Even in the 1980s, after liberalization had begun, a man was executed for organizing orgies. Now Ma rattles off his advice — swimming increases sexual desire; pee in short bursts, not a stream — at a convention co-hosted by family planning authorities.
More than 30,000 visitors thronged this weekend to the 10th national (Guangzhou) sex culture festival to watch pole dancers, buy 007-brand condoms and browse porn in the resolutely unerotic surroundings of an exhibition center. Couples take happy snaps with giant virility figures and unabashed shoppers fondle realistic sex dolls (though not, this year, the inflatable Barack Obamas previously on offer).
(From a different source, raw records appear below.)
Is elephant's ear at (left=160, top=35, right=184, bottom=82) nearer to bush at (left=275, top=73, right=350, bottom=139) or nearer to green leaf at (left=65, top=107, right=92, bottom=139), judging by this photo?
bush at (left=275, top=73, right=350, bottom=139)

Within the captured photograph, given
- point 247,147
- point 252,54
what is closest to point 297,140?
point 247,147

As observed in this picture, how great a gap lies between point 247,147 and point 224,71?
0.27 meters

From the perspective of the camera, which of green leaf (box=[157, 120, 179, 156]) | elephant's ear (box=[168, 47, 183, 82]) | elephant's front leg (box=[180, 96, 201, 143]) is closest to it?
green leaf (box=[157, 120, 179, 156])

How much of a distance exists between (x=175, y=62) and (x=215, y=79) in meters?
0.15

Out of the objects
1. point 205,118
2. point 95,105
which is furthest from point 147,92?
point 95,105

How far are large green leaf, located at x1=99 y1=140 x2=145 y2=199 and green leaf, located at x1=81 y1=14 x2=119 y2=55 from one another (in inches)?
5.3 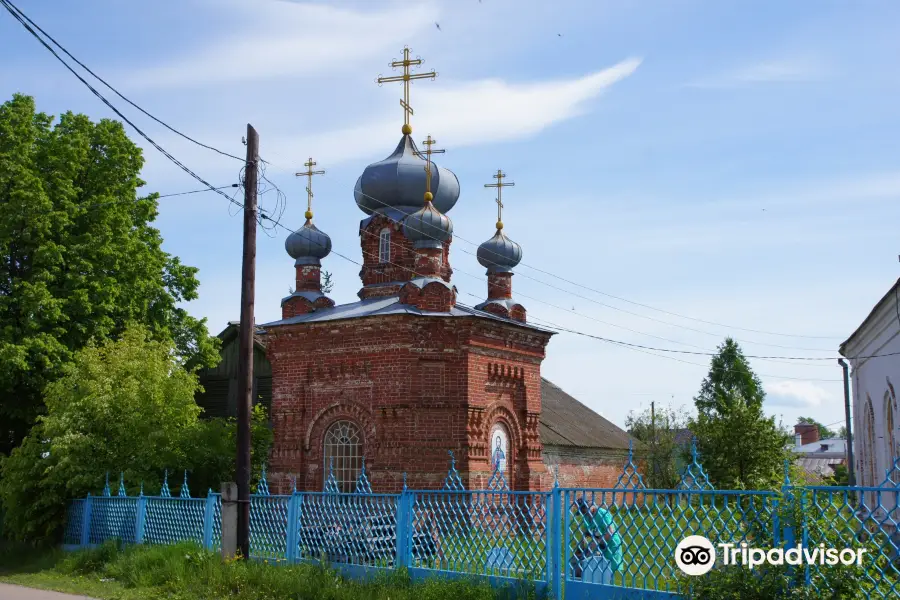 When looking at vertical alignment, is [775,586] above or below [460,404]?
below

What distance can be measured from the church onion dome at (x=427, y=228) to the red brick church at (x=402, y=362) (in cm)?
3

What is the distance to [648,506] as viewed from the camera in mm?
8172

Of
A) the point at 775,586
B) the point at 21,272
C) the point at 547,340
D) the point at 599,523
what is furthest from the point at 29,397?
the point at 775,586

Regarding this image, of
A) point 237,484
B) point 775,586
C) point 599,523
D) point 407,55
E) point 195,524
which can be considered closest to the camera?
point 775,586

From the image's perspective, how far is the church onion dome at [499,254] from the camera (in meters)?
21.3

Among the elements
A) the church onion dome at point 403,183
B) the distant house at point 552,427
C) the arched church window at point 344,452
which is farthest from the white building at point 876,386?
the arched church window at point 344,452

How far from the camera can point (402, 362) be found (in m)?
17.1

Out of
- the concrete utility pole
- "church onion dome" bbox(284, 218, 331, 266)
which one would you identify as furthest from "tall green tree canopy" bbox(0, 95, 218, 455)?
the concrete utility pole

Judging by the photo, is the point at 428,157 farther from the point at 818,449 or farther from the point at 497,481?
the point at 818,449

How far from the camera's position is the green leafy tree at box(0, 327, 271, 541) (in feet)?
54.9

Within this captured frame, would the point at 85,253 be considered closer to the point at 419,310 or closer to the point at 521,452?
the point at 419,310

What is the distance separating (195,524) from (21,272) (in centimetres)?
1015

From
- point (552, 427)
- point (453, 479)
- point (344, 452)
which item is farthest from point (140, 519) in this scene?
point (552, 427)

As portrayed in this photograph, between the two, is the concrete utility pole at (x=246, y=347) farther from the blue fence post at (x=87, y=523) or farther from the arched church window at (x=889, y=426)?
the arched church window at (x=889, y=426) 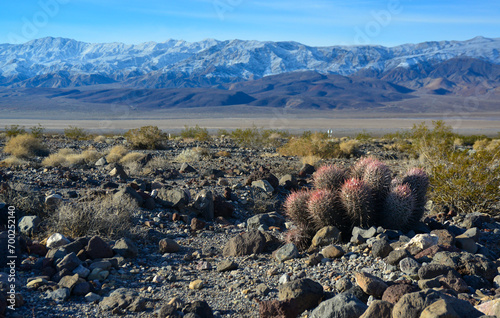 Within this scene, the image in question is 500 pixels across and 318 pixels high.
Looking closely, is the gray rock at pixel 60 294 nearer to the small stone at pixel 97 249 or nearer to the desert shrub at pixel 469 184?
the small stone at pixel 97 249

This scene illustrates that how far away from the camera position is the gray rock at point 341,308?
3703 mm

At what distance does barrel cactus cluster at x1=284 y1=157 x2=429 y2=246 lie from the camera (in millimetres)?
5887

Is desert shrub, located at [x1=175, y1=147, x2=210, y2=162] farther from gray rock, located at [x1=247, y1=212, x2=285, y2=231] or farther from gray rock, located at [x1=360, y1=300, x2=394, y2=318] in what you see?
gray rock, located at [x1=360, y1=300, x2=394, y2=318]

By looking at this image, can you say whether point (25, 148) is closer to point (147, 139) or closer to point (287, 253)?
point (147, 139)

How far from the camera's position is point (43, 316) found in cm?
422

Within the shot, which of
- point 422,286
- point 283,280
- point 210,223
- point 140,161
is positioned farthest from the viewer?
point 140,161

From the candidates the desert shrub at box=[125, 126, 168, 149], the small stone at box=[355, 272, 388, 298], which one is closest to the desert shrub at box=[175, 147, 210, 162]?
the desert shrub at box=[125, 126, 168, 149]

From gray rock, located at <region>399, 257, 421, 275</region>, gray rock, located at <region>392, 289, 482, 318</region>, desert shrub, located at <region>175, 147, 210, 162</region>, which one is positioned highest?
desert shrub, located at <region>175, 147, 210, 162</region>

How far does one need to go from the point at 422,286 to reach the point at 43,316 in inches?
145

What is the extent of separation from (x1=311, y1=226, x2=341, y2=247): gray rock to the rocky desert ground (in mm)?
14

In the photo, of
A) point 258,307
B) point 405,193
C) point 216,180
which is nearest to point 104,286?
point 258,307

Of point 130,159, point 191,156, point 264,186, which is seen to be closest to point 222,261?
point 264,186

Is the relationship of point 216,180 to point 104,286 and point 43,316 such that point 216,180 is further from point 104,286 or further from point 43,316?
point 43,316

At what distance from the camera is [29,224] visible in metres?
6.71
The wealthiest can even choose a 100,000 yuan (US$15,800), solid gold “pleasure object”; the kind of high-class product that appeals to shoppers usually found in Louis Vuitton or Dolce and Gabbana, explains a sales assistant.
However, the shots of “artistic nudes” are tame by western standards. And though hordes of men photograph furiously as semi-clad models strut to a disco version of the “Old Spice” theme, there is no pouting or lip-licking. These days, sexual experimentation and puritanism sit side-by-side in China.
Qiu Shuang, a lesbian activist and sex-toy saleswoman, said that repression had only kindled passions.
“Maybe we seem very conservative, but we have the biggest desires,” she said.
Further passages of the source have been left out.